Background
UK-CAT — UK Charity Activity Tags — is an open classification system developed by NCVO Research, Dr Christopher Damm (Sheffield Hallam University), and David Kane, with funding from the Esmée Fairbairn Foundation. It assigns activity tags to every registered charity in the United Kingdom, covering around 200,000 organisations across all three UK charity regulators.
The challenge
The stakes for accurate classification are high. Funders use UK-CAT to find charities working in specific areas. Researchers use it as a sampling frame for sector analysis. Infrastructure bodies use it to map local and regional provision. Misclassified charities can be overlooked for funding, excluded from research, or misrepresent the scale of an entire service area.
The original classification engine used regular expression matching — keyword rules applied against charity names, activity statements, and objects. Regex is fast, transparent, and easy to audit, but it is brittle. Charities describe themselves in wildly different ways: one might say "supporting people with dementia", another "specialist memory care", another simply name a condition-specific service.
Worse, keyword matching has no understanding of context. A charity describing its mission as "educating the public on mental health" would be tagged as both an Education charity and a Mental Health charity — when only the latter applies. The word "educating" fires the Education rule regardless of whether education is actually what the charity does. At 200,000 charities across a taxonomy of 230-odd tags, those false positives accumulate into a classification system that is unreliable for exactly the high-stakes decisions it is meant to support.
Our approach
We built a hybrid classification system that trained multi-label machine learning models on top of the existing keyword infrastructure. Rather than replacing the rules-based approach, the ML layer takes priority when it has sufficient confidence — and defers back to pattern matching when it doesn't. This preserved everything that worked well about the existing system while addressing its weaknesses.
The models were trained to handle the multi-label nature of the problem: a single charity can correctly receive many tags simultaneously, so standard single-class classification methods don't apply. Feature engineering drew on the same text fields used by the keyword rules — charity names, activity descriptions, and objects — ensuring the ML layer and the rules layer operated on common ground.
The outcome
The hybrid approach delivered a more than threefold improvement in classification accuracy over the keyword-only baseline — a substantial gain for a system operating at this scale.
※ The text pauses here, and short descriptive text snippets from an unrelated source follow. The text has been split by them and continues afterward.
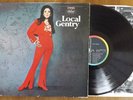 Bobbie Gentry - Local Gentry - vinyl LP - 1968 - Capitol (SMK 74 557)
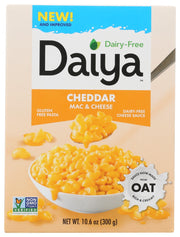 Can anything top the classic cheddar mac &amp; cheeze? Discover the iconic flavor that's super rich, super creamy, and bursting with cheesy goodness in every bite. And here's the best part: it's ready in literally minutes.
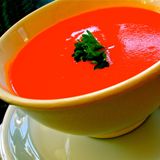 Kruse & Nuernberg's 'we love tomato soup mix'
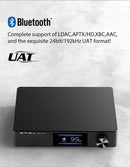 SMSL SU-9 Balanced MQA-Enabled DAC (Apos Certified)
Precision improved alongside recall, meaning fewer false positives as well as fewer missed classifications. In practice, this means charities are less likely to be misfiled under categories they don't belong to, and less likely to be missed from categories they do. For a funder searching for charities working in a specific area, or a researcher trying to size a slice of the sector, that reliability is what makes the data usable.
Why the hybrid design matters
Replacing keyword matching with an ML model outright would have solved some problems while creating others. Machine learning generalises well across varied phrasing, but it can be overconfident in areas where training data is sparse, and it loses the hard-won precision of carefully crafted rules for well-defined categories. A pure ML system would trade one set of errors for another.
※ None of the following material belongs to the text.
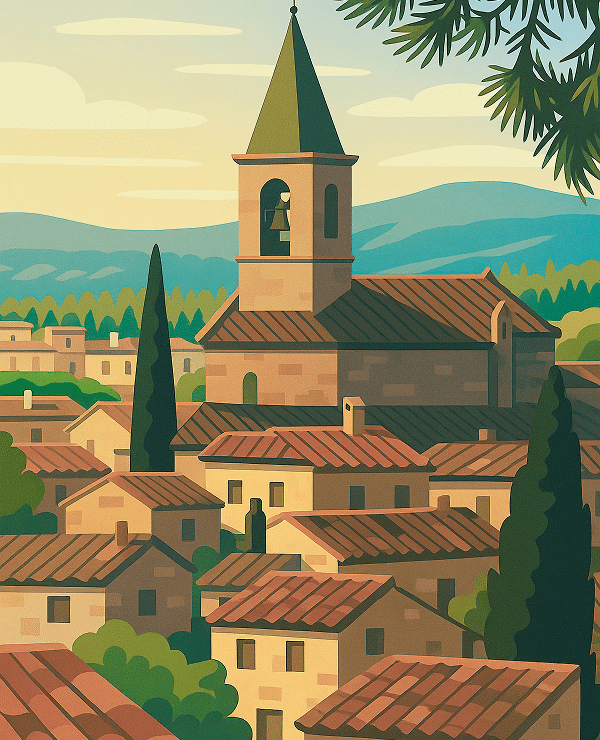 Cellera de Ter | Girostudi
For the people who rely on UK-CAT, this matters because the data underpins real decisions. A funder allocating grants to underserved areas needs to know that the charities surfaced by a search actually work in that area — not that they merely mentioned a relevant word somewhere. A researcher mapping provision across a region needs counts they can trust. A policy team making the case for investment needs evidence that won't unravel under scrutiny. Classification errors don't stay in the data; they propagate into the decisions built on top of it. A more accurate system means decisions made on better ground.